Vols. Videos

Epidermoid Cyst

Last Updated: March 27, 2020

Figure 1: A low density lesion in the left cerebellopontine angle on CT (top row left) could represent a number of lesions including arachnoid cyst or epidermoid cyst. T2WI (top row right) and T1WI post contrast (middle row left) give little additional diagnostic information, with the lesion still matching CSF signal. FLAIR imaging (middle row right), as in this case, often demonstrates an epidermoid cyst to have different signal than CSF. Diffusion weighted imaging (bottom) is the most helpful sequence with these lesions, demonstrating often dramatic hyperintensity.

Figure 2: This large epidermoid cyst looks similar to CSF on T1 (top row left) and T2 (top row right), but its identity as a possible simple cyst should be questioned given the degree of heterogeneity that is often visible on FLAIR (middle row left). Diffusion restriction visible as bright signal on DWI (middle row right) and dark signal on ADC (bottom row left) is the hallmark of epidermoid cyst and can greatly help to differentiate from other simple cysts such as arachnoid cyst.
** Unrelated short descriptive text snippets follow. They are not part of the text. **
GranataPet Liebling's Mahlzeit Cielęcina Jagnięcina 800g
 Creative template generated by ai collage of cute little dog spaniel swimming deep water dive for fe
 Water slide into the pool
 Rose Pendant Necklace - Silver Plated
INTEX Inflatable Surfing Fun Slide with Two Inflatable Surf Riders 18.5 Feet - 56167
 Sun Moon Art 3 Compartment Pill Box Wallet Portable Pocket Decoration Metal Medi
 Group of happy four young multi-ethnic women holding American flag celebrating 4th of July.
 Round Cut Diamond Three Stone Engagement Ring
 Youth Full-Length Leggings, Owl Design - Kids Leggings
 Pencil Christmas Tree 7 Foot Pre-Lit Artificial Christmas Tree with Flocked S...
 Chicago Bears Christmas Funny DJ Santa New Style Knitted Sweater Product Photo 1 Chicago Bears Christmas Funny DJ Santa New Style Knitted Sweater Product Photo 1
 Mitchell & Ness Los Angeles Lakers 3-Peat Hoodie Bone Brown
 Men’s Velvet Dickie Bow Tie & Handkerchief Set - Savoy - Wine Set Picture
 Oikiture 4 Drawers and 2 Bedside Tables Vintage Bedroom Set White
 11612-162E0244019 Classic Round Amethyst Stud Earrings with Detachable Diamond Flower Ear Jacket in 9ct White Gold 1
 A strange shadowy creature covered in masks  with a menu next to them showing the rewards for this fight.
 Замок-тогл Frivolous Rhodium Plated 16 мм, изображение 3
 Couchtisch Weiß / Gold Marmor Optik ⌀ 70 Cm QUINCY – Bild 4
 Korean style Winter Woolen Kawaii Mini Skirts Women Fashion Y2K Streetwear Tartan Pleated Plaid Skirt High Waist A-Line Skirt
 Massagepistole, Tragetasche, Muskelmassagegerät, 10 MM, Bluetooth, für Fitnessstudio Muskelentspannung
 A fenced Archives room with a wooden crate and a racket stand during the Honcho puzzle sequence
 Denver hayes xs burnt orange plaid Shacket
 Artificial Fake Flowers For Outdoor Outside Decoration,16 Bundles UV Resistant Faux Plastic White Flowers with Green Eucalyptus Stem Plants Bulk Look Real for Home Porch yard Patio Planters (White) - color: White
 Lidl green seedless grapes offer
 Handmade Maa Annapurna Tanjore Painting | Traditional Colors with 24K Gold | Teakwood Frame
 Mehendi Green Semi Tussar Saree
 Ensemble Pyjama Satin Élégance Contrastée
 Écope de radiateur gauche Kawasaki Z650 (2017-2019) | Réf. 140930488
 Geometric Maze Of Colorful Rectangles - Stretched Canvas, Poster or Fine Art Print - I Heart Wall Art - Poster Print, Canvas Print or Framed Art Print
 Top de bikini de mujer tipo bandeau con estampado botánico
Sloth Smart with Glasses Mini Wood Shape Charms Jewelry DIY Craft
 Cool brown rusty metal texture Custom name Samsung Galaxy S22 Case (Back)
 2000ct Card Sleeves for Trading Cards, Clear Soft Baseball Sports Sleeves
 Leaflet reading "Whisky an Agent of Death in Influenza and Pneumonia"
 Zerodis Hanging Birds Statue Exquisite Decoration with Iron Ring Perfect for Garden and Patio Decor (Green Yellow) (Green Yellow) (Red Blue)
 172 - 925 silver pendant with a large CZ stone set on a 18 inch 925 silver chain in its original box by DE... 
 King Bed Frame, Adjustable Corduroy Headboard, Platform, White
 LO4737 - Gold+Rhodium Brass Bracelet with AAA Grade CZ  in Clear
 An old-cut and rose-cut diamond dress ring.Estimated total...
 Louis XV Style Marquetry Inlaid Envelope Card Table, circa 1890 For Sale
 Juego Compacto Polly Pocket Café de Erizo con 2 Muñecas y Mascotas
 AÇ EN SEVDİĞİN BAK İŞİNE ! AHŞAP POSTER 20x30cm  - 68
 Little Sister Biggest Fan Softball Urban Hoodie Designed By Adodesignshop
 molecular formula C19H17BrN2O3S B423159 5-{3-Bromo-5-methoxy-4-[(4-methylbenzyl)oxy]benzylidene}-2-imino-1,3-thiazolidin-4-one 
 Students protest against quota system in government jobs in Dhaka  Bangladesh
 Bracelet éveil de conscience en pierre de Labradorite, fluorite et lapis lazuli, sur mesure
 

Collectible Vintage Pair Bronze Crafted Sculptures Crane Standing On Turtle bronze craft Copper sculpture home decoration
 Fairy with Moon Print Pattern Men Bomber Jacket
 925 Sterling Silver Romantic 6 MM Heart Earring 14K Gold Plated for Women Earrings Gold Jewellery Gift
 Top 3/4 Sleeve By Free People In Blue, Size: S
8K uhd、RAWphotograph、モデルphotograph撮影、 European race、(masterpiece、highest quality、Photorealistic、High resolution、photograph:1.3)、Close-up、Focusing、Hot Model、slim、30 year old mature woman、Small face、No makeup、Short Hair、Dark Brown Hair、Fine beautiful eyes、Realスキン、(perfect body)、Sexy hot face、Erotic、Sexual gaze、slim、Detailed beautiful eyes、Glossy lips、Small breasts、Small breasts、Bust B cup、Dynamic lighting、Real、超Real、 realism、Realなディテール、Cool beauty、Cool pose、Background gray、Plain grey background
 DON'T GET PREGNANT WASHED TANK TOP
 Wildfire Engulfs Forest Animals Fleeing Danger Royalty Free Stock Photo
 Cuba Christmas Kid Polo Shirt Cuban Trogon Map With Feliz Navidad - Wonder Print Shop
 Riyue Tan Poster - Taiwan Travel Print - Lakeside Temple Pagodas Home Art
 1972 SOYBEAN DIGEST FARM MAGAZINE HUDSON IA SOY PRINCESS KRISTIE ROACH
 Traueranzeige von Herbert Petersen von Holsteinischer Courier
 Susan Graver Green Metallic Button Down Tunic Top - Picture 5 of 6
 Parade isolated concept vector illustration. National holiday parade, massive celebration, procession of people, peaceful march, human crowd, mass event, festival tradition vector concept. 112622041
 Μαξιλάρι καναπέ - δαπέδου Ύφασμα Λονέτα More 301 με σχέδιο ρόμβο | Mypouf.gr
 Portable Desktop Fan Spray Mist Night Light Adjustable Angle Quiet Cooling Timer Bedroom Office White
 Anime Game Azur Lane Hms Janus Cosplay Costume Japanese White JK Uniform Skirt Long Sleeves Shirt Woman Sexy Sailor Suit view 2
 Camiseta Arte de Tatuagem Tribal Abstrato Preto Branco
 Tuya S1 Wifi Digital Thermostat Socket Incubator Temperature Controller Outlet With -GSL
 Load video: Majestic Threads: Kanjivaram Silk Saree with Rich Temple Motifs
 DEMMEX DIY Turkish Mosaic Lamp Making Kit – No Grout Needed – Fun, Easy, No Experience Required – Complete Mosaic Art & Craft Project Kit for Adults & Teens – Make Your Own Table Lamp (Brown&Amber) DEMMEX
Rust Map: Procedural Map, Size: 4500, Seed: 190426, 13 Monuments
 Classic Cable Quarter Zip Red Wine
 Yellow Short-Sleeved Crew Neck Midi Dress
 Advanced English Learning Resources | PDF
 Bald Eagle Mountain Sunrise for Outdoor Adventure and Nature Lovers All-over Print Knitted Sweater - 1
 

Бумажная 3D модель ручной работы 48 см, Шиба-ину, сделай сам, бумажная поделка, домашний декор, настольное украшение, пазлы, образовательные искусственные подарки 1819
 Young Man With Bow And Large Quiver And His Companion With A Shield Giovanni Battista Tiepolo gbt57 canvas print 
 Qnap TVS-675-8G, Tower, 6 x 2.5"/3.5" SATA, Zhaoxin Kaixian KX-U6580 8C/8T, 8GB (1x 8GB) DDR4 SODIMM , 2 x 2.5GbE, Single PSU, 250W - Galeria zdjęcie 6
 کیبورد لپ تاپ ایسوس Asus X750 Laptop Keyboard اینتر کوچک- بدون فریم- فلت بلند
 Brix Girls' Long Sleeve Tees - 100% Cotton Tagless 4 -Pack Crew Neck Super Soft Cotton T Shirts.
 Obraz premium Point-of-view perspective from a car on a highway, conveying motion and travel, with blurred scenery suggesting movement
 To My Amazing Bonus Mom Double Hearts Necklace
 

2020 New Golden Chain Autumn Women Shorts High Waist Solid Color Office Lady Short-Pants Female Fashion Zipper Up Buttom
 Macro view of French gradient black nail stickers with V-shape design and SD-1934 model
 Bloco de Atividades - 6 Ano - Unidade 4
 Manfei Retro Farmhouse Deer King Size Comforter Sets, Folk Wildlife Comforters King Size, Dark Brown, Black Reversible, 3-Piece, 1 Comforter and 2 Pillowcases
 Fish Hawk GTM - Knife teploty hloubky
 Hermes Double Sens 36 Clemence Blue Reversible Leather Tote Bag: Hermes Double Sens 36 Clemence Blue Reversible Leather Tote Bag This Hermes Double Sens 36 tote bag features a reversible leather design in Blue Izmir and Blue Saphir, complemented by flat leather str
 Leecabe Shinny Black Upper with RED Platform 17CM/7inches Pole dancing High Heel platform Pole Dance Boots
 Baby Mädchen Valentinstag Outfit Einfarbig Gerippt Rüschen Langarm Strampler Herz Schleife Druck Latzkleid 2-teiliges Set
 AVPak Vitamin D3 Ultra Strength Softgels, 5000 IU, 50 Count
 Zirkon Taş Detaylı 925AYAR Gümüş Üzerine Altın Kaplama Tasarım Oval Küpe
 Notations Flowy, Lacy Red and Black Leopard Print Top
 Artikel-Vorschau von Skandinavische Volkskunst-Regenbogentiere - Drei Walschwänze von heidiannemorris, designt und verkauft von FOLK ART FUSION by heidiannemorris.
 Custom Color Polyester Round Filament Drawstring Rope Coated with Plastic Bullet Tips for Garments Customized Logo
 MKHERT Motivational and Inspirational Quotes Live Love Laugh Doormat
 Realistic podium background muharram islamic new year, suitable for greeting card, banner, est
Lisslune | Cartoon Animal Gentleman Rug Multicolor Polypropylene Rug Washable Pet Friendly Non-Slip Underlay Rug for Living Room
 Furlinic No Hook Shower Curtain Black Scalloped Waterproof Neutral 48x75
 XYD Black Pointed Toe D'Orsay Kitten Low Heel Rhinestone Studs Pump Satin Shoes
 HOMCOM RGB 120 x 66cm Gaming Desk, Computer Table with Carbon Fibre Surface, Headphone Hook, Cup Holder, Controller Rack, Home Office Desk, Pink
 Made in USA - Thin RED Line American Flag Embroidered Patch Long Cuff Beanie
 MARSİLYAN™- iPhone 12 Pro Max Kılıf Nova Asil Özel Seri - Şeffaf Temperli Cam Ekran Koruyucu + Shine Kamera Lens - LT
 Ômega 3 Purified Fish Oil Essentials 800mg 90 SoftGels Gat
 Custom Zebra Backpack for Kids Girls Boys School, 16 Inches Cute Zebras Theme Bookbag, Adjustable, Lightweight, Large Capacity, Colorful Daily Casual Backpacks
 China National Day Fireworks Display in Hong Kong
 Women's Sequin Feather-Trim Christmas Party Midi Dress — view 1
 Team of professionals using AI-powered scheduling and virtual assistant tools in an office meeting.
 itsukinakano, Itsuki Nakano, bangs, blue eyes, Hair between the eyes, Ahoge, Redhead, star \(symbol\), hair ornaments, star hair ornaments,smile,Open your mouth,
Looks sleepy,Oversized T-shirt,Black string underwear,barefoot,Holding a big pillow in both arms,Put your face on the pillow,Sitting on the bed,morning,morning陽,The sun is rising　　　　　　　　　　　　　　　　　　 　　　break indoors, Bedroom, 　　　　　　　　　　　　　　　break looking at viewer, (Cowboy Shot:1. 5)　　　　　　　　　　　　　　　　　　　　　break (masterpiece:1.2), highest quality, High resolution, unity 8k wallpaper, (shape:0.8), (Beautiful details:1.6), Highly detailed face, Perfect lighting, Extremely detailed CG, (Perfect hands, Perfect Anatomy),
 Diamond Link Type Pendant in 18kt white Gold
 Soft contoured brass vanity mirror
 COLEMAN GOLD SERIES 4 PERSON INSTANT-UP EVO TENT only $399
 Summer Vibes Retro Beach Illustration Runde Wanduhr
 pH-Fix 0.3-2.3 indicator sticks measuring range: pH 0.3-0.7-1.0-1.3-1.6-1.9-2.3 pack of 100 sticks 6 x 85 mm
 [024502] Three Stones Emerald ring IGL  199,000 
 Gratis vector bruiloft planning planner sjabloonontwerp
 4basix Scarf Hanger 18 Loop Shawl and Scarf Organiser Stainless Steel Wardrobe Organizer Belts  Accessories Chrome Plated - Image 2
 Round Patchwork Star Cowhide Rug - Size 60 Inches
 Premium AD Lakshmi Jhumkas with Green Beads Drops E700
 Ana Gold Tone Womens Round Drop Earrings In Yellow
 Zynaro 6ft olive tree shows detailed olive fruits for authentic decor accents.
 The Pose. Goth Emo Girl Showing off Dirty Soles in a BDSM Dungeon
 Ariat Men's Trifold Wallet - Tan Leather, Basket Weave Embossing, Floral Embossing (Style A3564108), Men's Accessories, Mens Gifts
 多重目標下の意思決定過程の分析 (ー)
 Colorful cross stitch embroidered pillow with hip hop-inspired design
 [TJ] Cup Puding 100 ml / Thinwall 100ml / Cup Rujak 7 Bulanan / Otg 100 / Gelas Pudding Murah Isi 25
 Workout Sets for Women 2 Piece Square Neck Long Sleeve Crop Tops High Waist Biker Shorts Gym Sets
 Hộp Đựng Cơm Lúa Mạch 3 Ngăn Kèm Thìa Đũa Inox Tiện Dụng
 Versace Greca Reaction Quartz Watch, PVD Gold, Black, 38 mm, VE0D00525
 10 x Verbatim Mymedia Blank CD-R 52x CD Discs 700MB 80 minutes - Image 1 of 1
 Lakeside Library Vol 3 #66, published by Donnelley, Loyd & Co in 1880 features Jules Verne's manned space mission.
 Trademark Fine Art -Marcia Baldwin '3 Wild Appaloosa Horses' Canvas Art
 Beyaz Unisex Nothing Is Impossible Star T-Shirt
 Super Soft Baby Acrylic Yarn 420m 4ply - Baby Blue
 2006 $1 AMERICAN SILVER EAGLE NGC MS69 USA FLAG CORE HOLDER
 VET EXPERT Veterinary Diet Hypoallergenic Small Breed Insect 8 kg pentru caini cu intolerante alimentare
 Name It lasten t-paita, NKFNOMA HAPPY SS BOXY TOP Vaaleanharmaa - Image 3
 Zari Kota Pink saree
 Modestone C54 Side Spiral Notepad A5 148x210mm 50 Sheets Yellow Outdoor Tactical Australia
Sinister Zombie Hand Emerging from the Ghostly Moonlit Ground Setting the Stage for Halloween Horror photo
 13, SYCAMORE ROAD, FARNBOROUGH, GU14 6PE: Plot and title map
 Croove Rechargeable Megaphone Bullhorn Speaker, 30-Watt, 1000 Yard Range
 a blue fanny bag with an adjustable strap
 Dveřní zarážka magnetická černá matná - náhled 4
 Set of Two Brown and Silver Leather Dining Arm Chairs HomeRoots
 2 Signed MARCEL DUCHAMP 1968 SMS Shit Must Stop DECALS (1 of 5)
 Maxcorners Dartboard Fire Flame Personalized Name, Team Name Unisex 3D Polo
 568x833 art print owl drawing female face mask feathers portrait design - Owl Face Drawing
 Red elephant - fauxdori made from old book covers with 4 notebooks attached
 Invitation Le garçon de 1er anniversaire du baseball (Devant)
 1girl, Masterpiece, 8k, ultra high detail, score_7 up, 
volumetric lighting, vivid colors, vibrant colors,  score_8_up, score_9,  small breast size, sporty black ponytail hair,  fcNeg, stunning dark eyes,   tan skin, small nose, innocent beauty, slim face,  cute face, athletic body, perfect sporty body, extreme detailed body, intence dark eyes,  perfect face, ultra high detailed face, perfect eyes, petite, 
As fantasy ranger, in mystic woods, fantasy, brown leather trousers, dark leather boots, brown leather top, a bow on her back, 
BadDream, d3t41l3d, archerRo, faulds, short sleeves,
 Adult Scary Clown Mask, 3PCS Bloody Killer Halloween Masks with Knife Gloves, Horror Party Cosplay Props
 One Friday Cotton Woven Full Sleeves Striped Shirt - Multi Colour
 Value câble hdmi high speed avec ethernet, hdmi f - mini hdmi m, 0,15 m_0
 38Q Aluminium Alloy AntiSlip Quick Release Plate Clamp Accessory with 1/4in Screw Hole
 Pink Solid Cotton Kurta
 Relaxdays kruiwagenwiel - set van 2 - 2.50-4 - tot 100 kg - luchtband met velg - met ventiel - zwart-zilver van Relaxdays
This epidermoid cyst has a small amount of nodular contrast enhancement in the periphery (bottom row right), a finding that is only rarely present.

Basic Description

  • Benign ectodermal inclusion cysts of congenital or acquired etiology
  • Most common congenital intracranial tumor (~1%)

Pathology

  • Congenital: Arise from ectodermal epithelium in the 3rd to 5th weeks of embryogenesis during the process of neural tube closure
    • Sporadic
    • May be seen in association with dermal sinus tracts or vertebral anomalies
  • Rare acquired lesions are thought to be post-traumatic in etiology, often spinal in location when secondary to lumbar punctures
  • Epidermoid cyst growth by desquamation and formation of cholesterol/keratin crystals
  • Gross pathologic features include shiny or “pearly” appearance within an outer connective tissue wall
  • Cyst contains solid cholesterol crystals and keratin

Clinical Features

  • Patient ages 20-60 years most common
  • No gender predilection
  • Presenting signs and symptoms depend on tumor size and location
    • Headache, cranial neuropathies (cranial nerves 5, 7, and 8 most common)
    • Cyst rupture may cause chemical meningitis
    • Often asymptomatic
  • Malignant degeneration into squamous cell carcinoma is rare
  • Treatment: microsurgical resection; gross total resection is often difficult because of involvement of adjacent structures and specifically attachment of the tumor pearls to the cerebrovascular structures
  • Prognosis: recurrence common with incomplete tumor resection or secondary to cerebrospinal spinal fluid (CSF) seeding; malignant degeneration into squamous cell carcinoma is rare

Imaging

  • General
    • Most cases (90%) are intradural and located within the basal cisterns (cerebellopontine angle, fourth ventricle, parasellar)
    • Minority of cases (10%) are extradural and may arise within the bony calvarium (diploic space) or spine
  • Variable size, round or lobulated mass
  • Slow but insinuating or invaginating pattern of growth, often encases or surrounds adjacent nerves and vasculature
  • Computed Tomography (CT)

    • Well-defined, usually hypodense mass similar in density to CSF
    • <5% appear hyperdense, often due to proteinaceous, iron-rich, or hemorrhagic contents
    • Calcifications are common
    • Typically do not enhance on contrast enhanced CT
  • Magnetic Resonance Imaging (MRI)

    • T1WI
      • Signal intensity typically greater than CSF, but less than brain parenchyma
      • Highest signal often seen at the margin of the tumor
      • Signal intensity greater than brain parenchyma indicates a “white epidermoid,” brighter because of its higher degree of fatty components or blood products
      • Rare hypointense “black epidermoids” caused by low triglyceride and unsaturated fatty acid contents
    • T2WI

      • Iso- to hyperintense to CSF
      • Rare hypointense signal due to iron content or Ca++
    • FLAIR: intermediate to hyperintense due to incomplete dropout of fluid signal
    • DWI: demonstrates often markedly increased signal (restricts) with corresponding ADC value near that of brain parenchyma (in contrast to an arachnoid cyst which will not restrict)
    • T1WI+C: typically nonenhancing, although minimal enhancement at the margin of the tumor may be seen; significant enhancement may suggest malignant degeneration

Imaging Recommendations

  • MRI with FLAIR and DWI/ADC

For more information, please see the corresponding chapter in Radiopaedia.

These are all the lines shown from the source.